The second major issue was to keep the tissue on the new level and maintain the breast projection. The concept of a breast thread is not new. In fact, the method was invented in 1996 by Georgian plastic surgeon Marlen Sulamanidze.7 Utilizing loops for breasts was then readopted by Khouri4 and myself8 for several indications. Recently, Abboud et al1 modified the technique for breast reconstruction to create the breast mound and shorten fat grafting from a multiple-session procedure to strictly the minimum.
In the current paper, the technique was indicated for either unilateral or bilateral breast reconstruction but specifically for small to moderate-size breasts. Obviously, patients should have sufficient fat deposits and tissue laxity. Breast skin that has been severely damaged either by radiotherapy or previous surgeries is contraindicated by the PALLL technique described in the paper (which involves the additional use of fixation loops). Microsurgical techniques of breast reconstruction are not among Dr Abboud’s armamentarium; therefore, it is difficult to situate the technique’s indications among the available options for breast reconstruction.

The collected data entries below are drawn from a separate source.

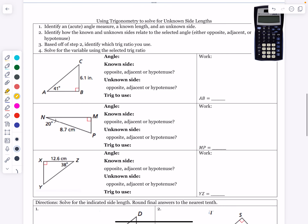Hello everyone, and welcome to our part two lesson on Intro to Trig. Today we're going to use trigonometry to solve for unknown side lengths. Starting next week we'll start looking at using trig to find angles, but for now we're going to be using trig to find a missing side in a right triangle.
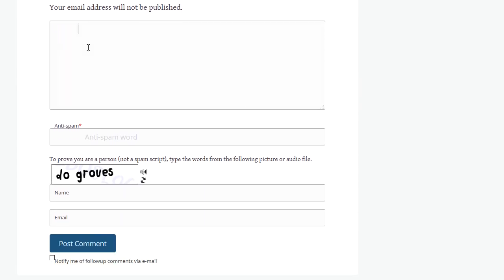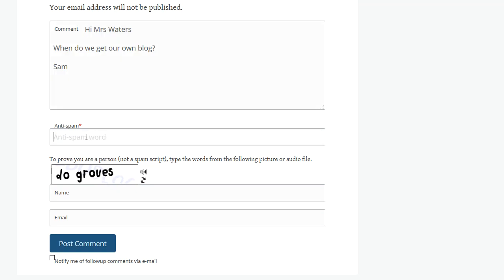Here is where you add your comment. After adding your comment, you add the anti-spam word here. Then you add your name here.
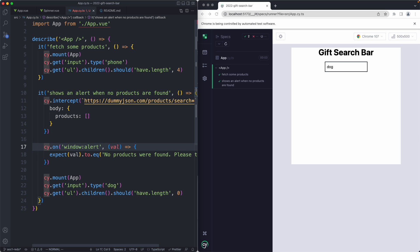We've exercised the entire application and everything is working as expected. One thing we didn't do is assert that the spinner renders correctly — I'll leave that as an exercise since it's fairly straightforward. This brings us to the end of the first Advent of Vue challenge. If you work through this and have a solution, please share it — I'd love to compare and see how other people have solved this problem. I'll see you in the next video.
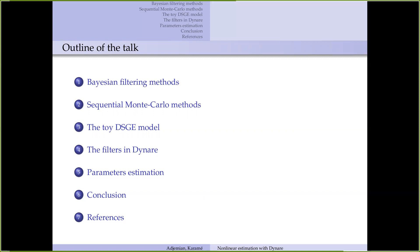In the fourth part, I will spend most of the time presenting the different filters available in Dynare to estimate non-linear DSG models. This includes filters in general — particle filters — but also non-linear filters without particles. We will have a discussion about that, because particles generate specific issues.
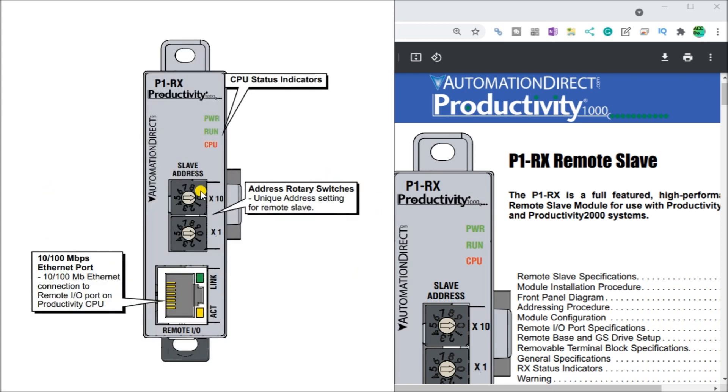Rotary dials will set your unique address for your remote slave unit. And this must be set from anywhere from 1 to 99. And 00 is the default, which comes out of the box. So this must be set prior to powering up the unit or you will get an error.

The abdominal/thoracic advanced skin plays a major role in the outcome. The authors utilized AutoCAD (Autodesk, San Rafael, CA) to measure the surface of the advanced skin; however, this is still a rough estimate, and the outcome is based on the resulting maintained skin recruitment, knowing that skin will relax to a certain extent due to simple skin laxity or loop loosening. With his growing experience, Dr Abboud has utilized different types of threads, the last of which was nonabsorbable. The passage of loops requires great experience because the margin for error is limited. Only objective studies with validated measurements can show the superiority of one thread over the others. Nonabsorbable threads may result in skin tethering/dimples with an undesirable level of fixation. Beginner surgeons should avoid utilizing nonabsorbable threads until they can master the whole concept.

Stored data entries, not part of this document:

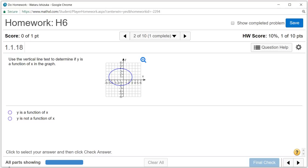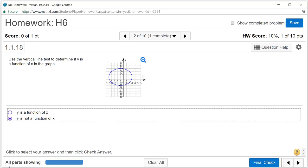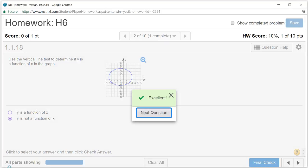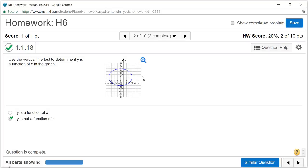This does not pass the vertical line test, therefore y is not a function of x. Let's check the answer. We got that. That's it, I hope this was clear.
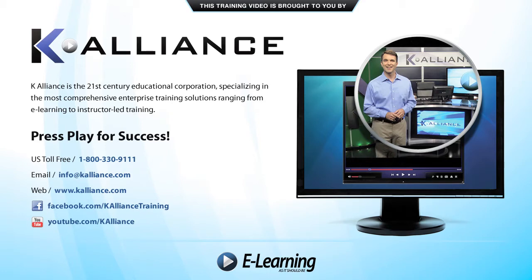After watching this video, be sure to become a Facebook fan to receive the latest updates, promotions and course releases. You can also subscribe to our YouTube channel to preview the latest desktop, soft skills and IT training videos.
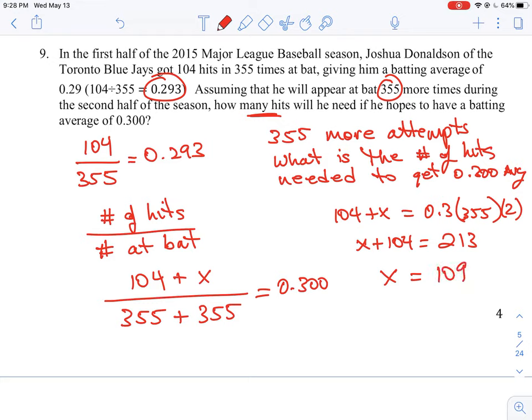Like we were anticipating at the beginning, in order for him to raise his average, he can't just hit the same number of times — 104 — it's going to have to be a little bit higher. Our calculation shows that he needs 109 hits to move his average up. It's just a simple percentage calculation, but we're expanding the number of at-bats and factoring in how many hits he needs — that's our unknown variable.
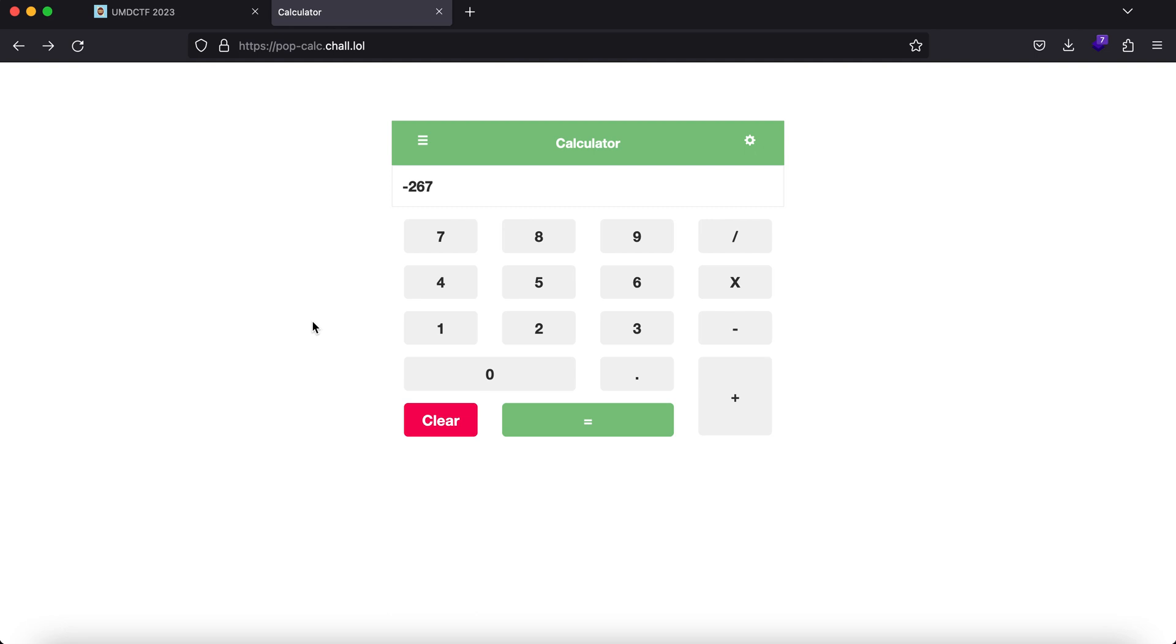There are two things that could be happening here. First, everything is happening on the client-side using JavaScript. In that case, we won't be able to exploit this. We could try to brute force some directories to see if there are any other hidden functionalities. But on the other side, if a request is being made to the server side, then potentially we have a greater attack surface.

The outcome of PALLL was excellent, with 97% of the patients requiring only 2 or 3 sessions of fat grafting. I strongly believe that when 4 or more sessions of fat grafting are needed to reconstruct the breast, it is better to consider other techniques based on flap surgery. Breast reconstruction completed in 6 to 8 sessions, as sometimes presented at scientific meetings, is conceptually wrong and is based more on surgeon ego rather than patient’s services.

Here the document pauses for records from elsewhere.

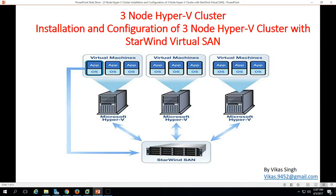Hi friends, welcome to my channel. Today in this video I am going to show you how to create a three-node Hyper-V cluster.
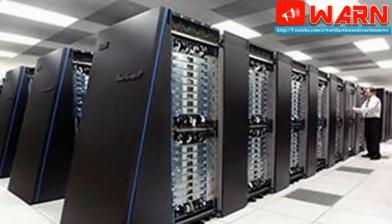The tender to select the company that will build the machine is ready and we hope to have the computer by June, Madhavan Rajeevan, Secretary, Ministry of Earth Sciences, told the Hindu.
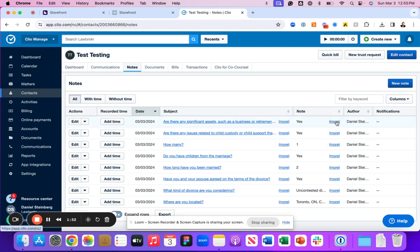You can now utilize this information when going through your intake information with that specific customer on that individual phone call.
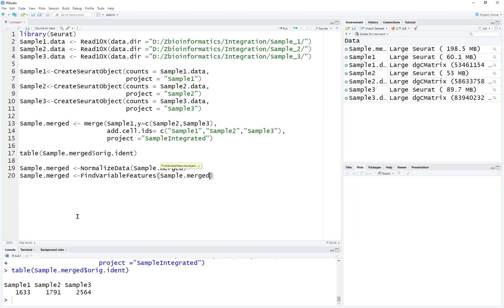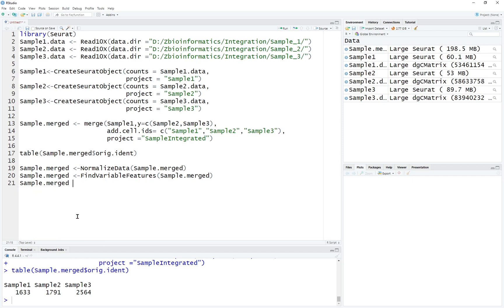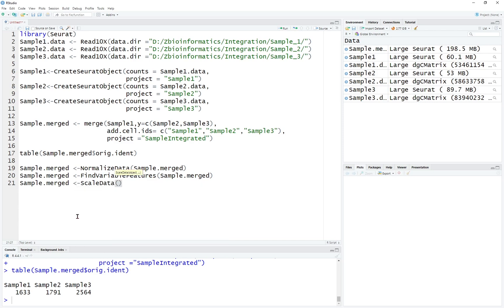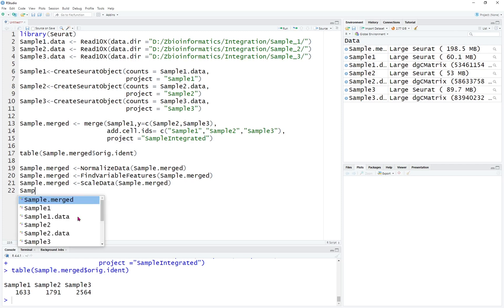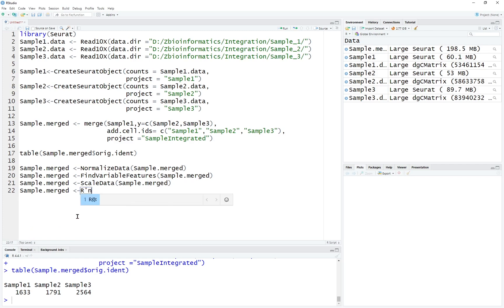FindVariableFeatures will equal sample merged. And after that, we're going to scale the data — ScaleData will also be on sample merged. After that, we're going to run PCA, which is the dimensional reduction — RunPCA is also going to be on sample merged.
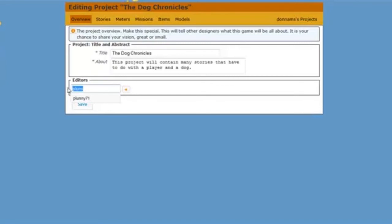In this case, I'm working solo, so I'm just going to click Save. And there you have it. The first step on your story building is complete.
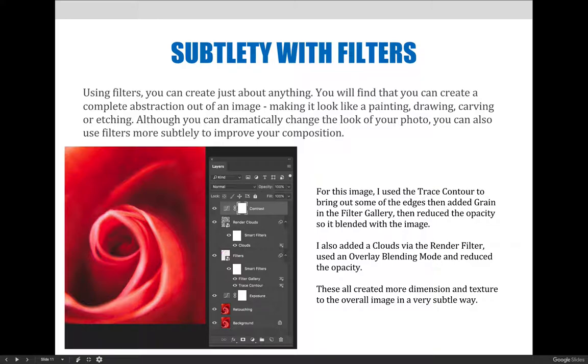For instance, in this image, I used the trace contour filter to bring out some of the edges, then added grain in the filter gallery. After that, I reduced the opacity so it blended with the image.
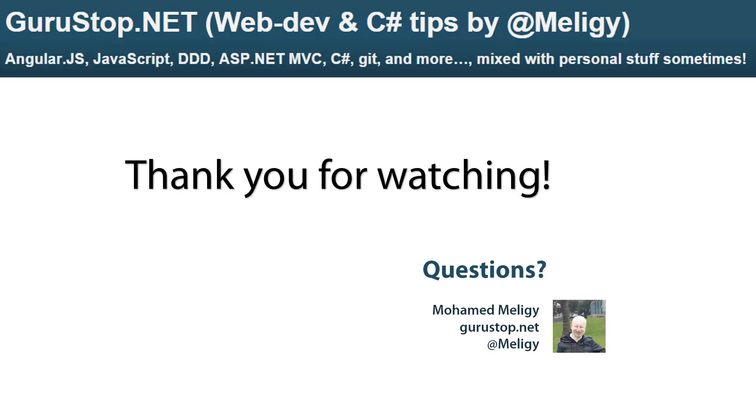Thanks a lot for watching this video. Please tell me what you liked and what you didn't like in the comments, and tell me if you have any questions as well. You can contact me via my blog gurustop.net. There should be a blog post covering the same material, link in the description. You can also reach me via Twitter at Meligi. And that's it for now. Until next video.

The authors, like some other surgeons, describe their technique as “scarless,” but this is a misnomer. The whole technique is based on creating scar tissue, which will hold the breast in place. Many surgeons utilize terms such as “scarless,” “without scar,” “operating without knives,” and so on, which are just words for marketing propaganda. The term “mini-invasive” would be more suitable for such a technique.
Nevertheless, Abboud et al have presented a brilliant level of surgery with successful outcomes. The major advance of their technique is to reconstruct a sensate breast, which is the last step in any attempt to restore a woman’s breast. Finally, I would like to congratulate the authors for their valuable contribution to simplifying fat grafting breast reconstruction by reducing the number of sessions and making the process more efficient.
Disclosures
The author declared no potential conflicts of interest with respect to the research, authorship, and publication of this article.
Funding
The author received no financial support for the research, authorship, and publication of this article.